Если задача архаического мифа состояла в том, чтобы любое социальное действие воспроизводило космогоническую модель мира (то есть, восстанавливало мировоззрение), то культурная задача политического мифа, состоит в восстановлении социальной картины мира, разрушенной во время социального катаклизма.
Ещё один аспект политического мифа — это структурирование действительности в ситуации тотального кризиса, то есть в той ситуации, когда нельзя картину мира восстановить и усвоить как целостную. Она делится на фрагменты, которые соединяются мифологическими связями. И только в дальнейшем мифологические конструкции «обрастают» рациональными представлениями, концепциями, правовыми и политическими воззрениями.
И, тем не менее, при всей упрощённости политического мифа, при всей его кризисной случайности, в основе его непременно лежит концепция. Политический миф не рождается сам собой, иначе ему не войти в конкурентное поле политики.

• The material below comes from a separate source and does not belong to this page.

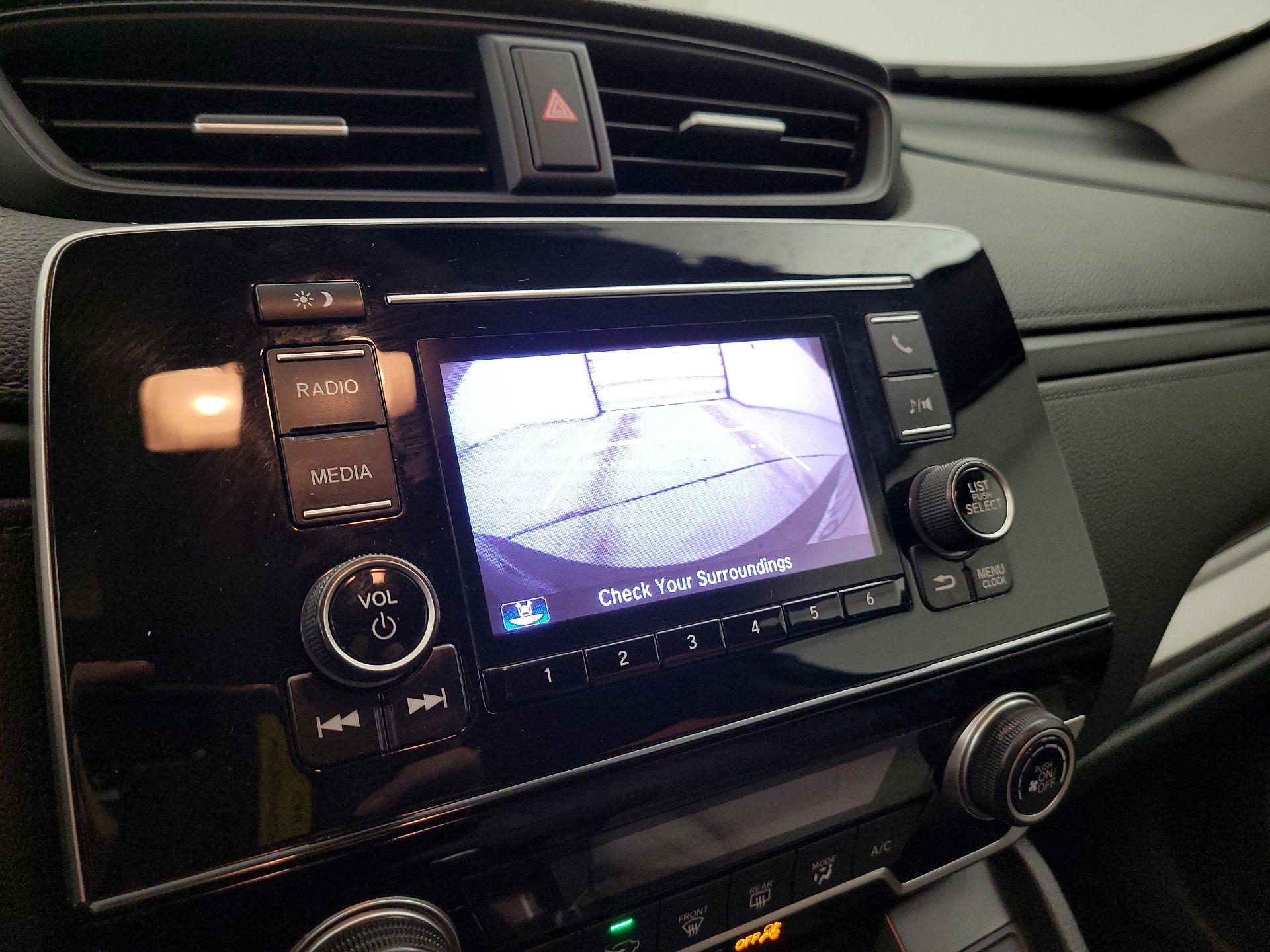 Thumbnail: 2018 Honda CR-V - 13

Кассирер отмечает, что цивилизованный человек, несмотря на погружение в миф, подобно человеку древнему, всё-таки не может полностью отказаться от требований рациональности. Для своей веры он ищет какие-то резонные основания. Соответствующее теоретическое оформление верования может оказаться весьма сложным, хотя и приводит к тем же аффектам, что и верования примитивных народов[5]. Здесь-то мы как раз и сталкиваемся с отличием собственно мифа от мифа политического. В политическом мифе есть, не может не быть рациональной подкладки.
Мифологическая модель времени специфична — будущего не существует вовсе (время остановлено) или же будущее приравнивается к прошлому — к «золотому веку» (время циклично). В политическом мифе модель времени также ограничивается одним или несколькими событиями, ценными лишь своим символьным капиталом. В нём, как и в архаическом мифе, существует, главным образом, длительное прошлое — источник мифосюжетов, отделенное от настоящего. Настоящее упрощено и находится в запустенье.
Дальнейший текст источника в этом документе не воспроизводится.